**REQUIREMENT:**
The answer should be an exact repeat of the stretch of material below from the line containing "Rutas a caballo en el Río Tormes" through the line containing "Forest Hills Nurseries".

**DATA TO USE:**
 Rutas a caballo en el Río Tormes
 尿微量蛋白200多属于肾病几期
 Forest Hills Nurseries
--
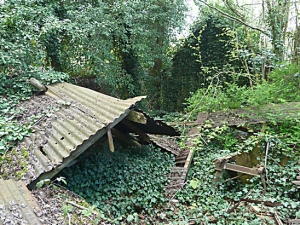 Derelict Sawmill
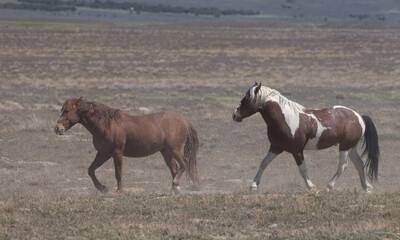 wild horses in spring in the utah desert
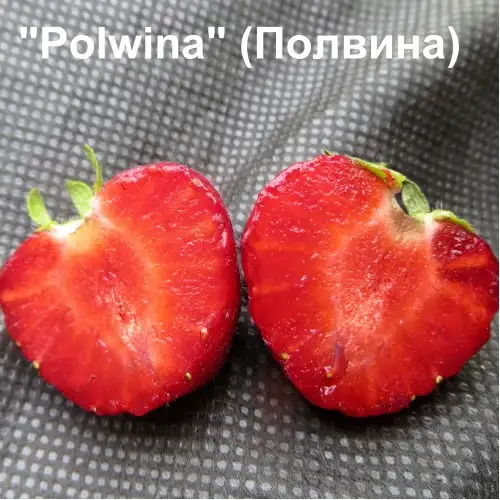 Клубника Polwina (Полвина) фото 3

**RESULT FOR THIS EXERCISE:**
 Rutas a caballo en el Río Tormes
 尿微量蛋白200多属于肾病几期
 Forest Hills Nurseries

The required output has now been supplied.